Configure your Collector to gather LangSmith telemetry
As seen in the previous section, the various services in a LangSmith deployment emit telemetry data in the form of logs, metrics and traces. You may already have telemetry collectors set up in your Kubernetes cluster, or would like to deploy one to monitor your application.
This section will show you how to configure an OTel Collector to gather telemetry data from LangSmith.
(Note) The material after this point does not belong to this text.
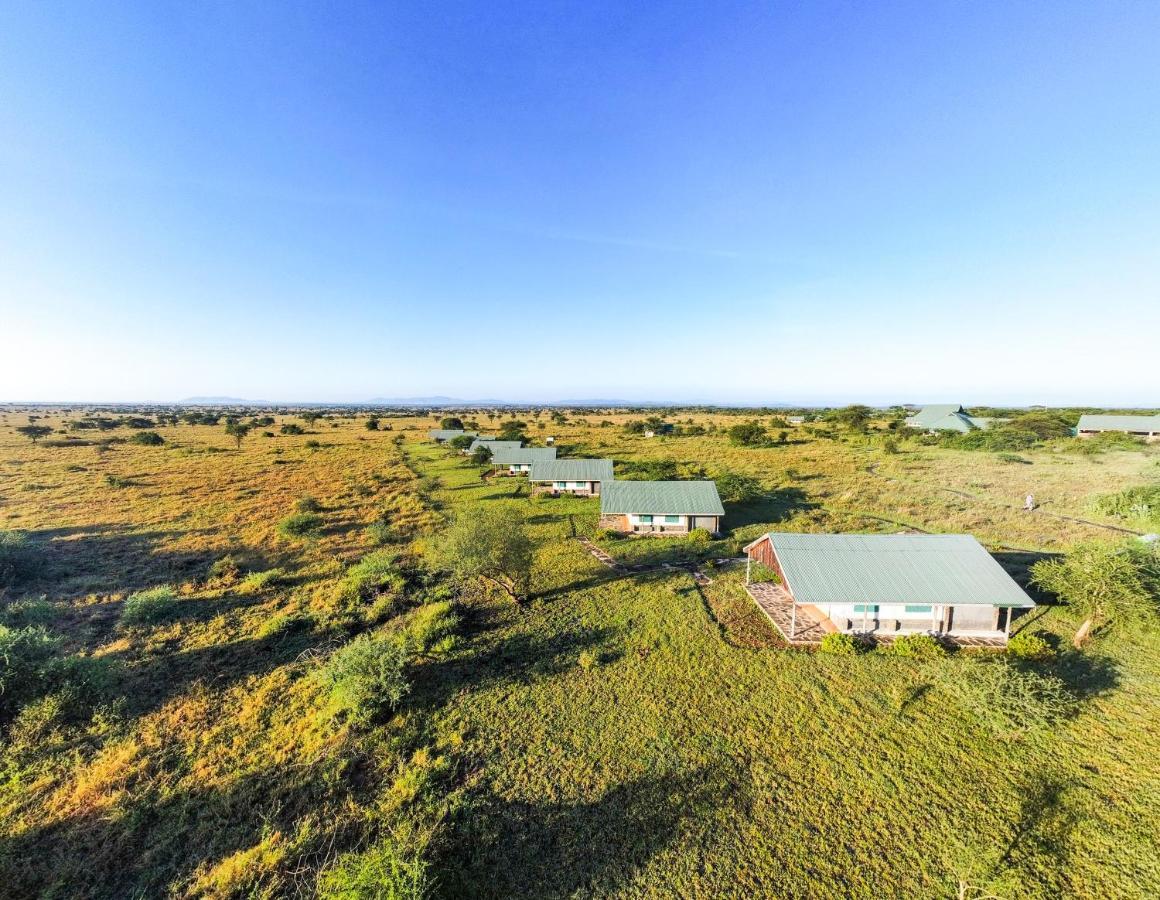 Africa Safari Serengeti Ikoma Zewnętrze zdjęcie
Note that all of the concepts discussed below can be translated to other collectors such as Fluentd or FluentBit.
This section is only applicable for Kubernetes deployments.
Receivers
Logs
As discussed previously, logs are read from the filesystem of the nodes/containers running the application. This is an example for a Sidecar collector to read logs from its own container, excluding noisy logs from non-domain containers. A Sidecar configuration is useful here because we require access to every container's filesystem. A DaemonSet can also be used.
filelog:
exclude:
- "**/otc-container/*.log"
- "**/postgres-metrics-exporter/*.log"
- "**/redis-metrics-exporter/*.log"
include:
- /var/log/pods/${POD_NAMESPACE}_${POD_NAME}_${POD_UID}/*/*.log
include_file_name: false
include_file_path: true
operators:
- id: container-parser
type: container
retry_on_failure:
enabled: true
start_at: end
env:
- name: POD_NAME
valueFrom:
fieldRef:
fieldPath: metadata.name
- name: POD_NAMESPACE
valueFrom:
fieldRef:
fieldPath: metadata.namespace
- name: POD_UID
valueFrom:
fieldRef:
fieldPath: metadata.uid
volumes:
- name: varlogpods
hostPath:
path: /var/log/pods
volumeMounts:
- name: varlogpods
mountPath: /var/log/pods
readOnly: true
This configuration requires 'get', 'list', and 'watch' permissions on pods in the given namespace.
Metrics
Metrics can be scraped using the Prometheus endpoints. A single instance Gateway collector can be be used to avoid duplication of queries when fetching metrics. The following config scrapes all of the default named LangSmith services:
prometheus:
config:
scrape_configs:
- job_name: langsmith-services
metrics_path: /metrics
scrape_interval: 15s
# Only scrape endpoints in the LangSmith namespace
kubernetes_sd_configs:
- role: endpoints
namespaces:
names: [<langsmith-namespace>]
relabel_configs:
# Only scrape services with the name langsmith-.*
- source_labels: [__meta_kubernetes_service_name]
regex: "langsmith-.*"
action: keep
# Only scrape ports with the following names
- source_labels: [__meta_kubernetes_endpoint_port_name]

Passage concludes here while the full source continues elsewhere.